For REST APIs needed to power the site, you can easily do this using API Gateway backing onto Lambda (or other services as needed). This is HTTPS by default (I don’t believe it supports HTTP). You can then additionally secure the APIs using Cognito such that only authorised users can use parts of the site.
The big advantage of this is the cost. All services will hardly cost anything for this setup. Obviously, if your site takes off costs will start to appear but the free tier for these services is huge.
Why Use Elasticsearch?
So far, I have argued for serverless everywhere. I could look to use a serverless NoSQL solution such as DynamoDB as my final datastore. Depending on the nature of the data this could be a good solution.
Elasticsearch has some amazing capabilities. The underlying Apache Lucene technologies create highly performant indexes allowing search and retrieval of records easily. Additionally, while not simple, the query syntax allows you to build arbitrarily complicated searches with a good fuzzy matching capability.

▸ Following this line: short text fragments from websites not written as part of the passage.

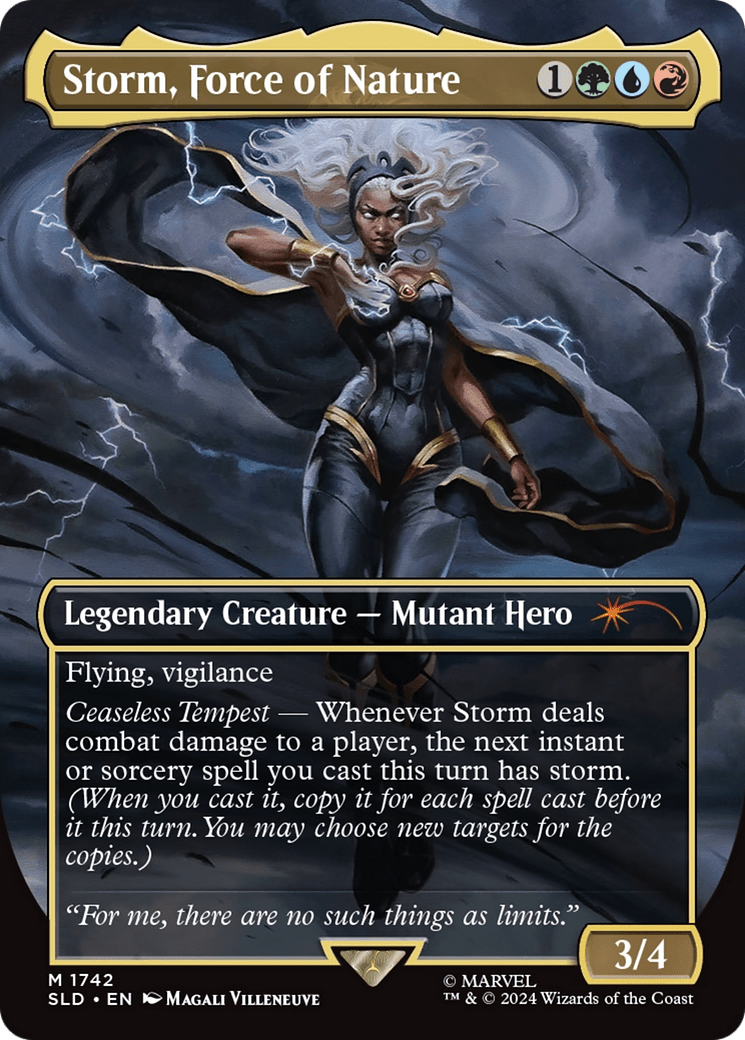 Storm, Force of Nature [Secret Lair Drop Series] MTG Single Magic: The Gathering  | Multizone: Comics And Games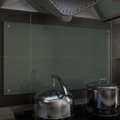 Painel Anti-salpicos de Cozinha Branco 90x50 cm Vidro Temperado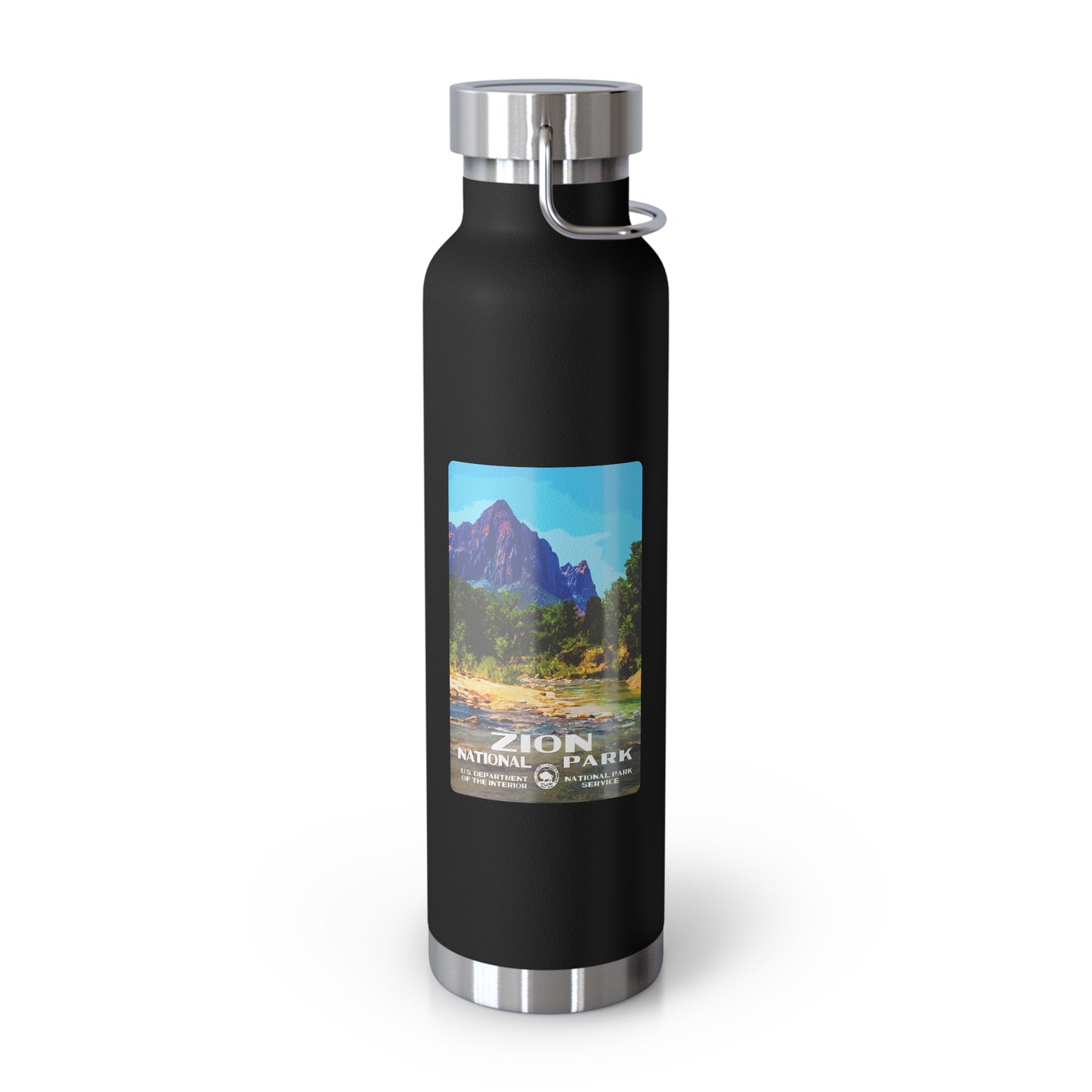 Zion National Park (The Watchman) Water Bottle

The downside is you need a machine or cluster. To enable this, you need to build a VPC and set up the EC2 within one or more private subnets. Elasticsearch is straight forward to get set up first as a single machine and then as a cluster. Additionally, as its cluster is very resilient you can easily take nodes out and upgrade. You could also consider running the cluster as a collection of docker instances.
Having a non-serverless component comes with some limitations (you can’t expect it to scale as well as the serverless components), but this it is power is huge.
10,000 Foot Plan
So, this is my first thoughts on the architecture I want to build:
The front end will be build using ReactJS and hosted in an S3 bucket behind a Cloud Front distribution to ensure only HTTPS access. The front end will be authenticated using Cognito (probably backed off to a Facebook or other Web Identity Federation options). It will provide a way to upload an image to an S3 bucket.
The front end will also allow for searching the backend. My current view is to use Elasticsearch as a backend. This allows for a rich query syntax which we can use to search and find data. I plan to look at building a custom cluster from the first basis just to go through the process. We will probably contrast it with using the Elasticsearch service from AWS and also potentially look into DynamoDB as an alternative.
The last area and one of the most fun is to create a pipeline in Lambda trigger by S3 causing an OCR of the image followed by running through some NLP technologies. I haven’t chosen which tools to use here yet and again will be interesting to try a few different ways and see which ones are better or worse.
So that’s the initial ideas for the architecture, but there is also the whole world of build and deployment technologies to play with. All the code will be hosted in GitHub and team managed in Trello with the traditional Slack channels. We plan to look at different options for building the code (such as Code Build or maybe even using Azure DevOps) and the various options for deploying each piece (from using the CLI directly through to the Serverless Framework or SAM / CloudFromation and Terraform (to name but a few)).
So, there’s a lot of fun steps ahead, lots of fun technologies to play with and dive deep into from Lambdas, APIs, AI, NLP, Elastic to pick just a few. A couple of my colleagues, Jan Akerman, Bartosz Jedrzejewski, Jamie Morris and Colin Lambden, have agreed to join me on this journey and will be helping with the different tools and technologies as we build out the application.
We’ll try and do all this securely and with as many tips and tricks to help others as we go. My plan is that we do a series of small focused posts on each part. So watch this space!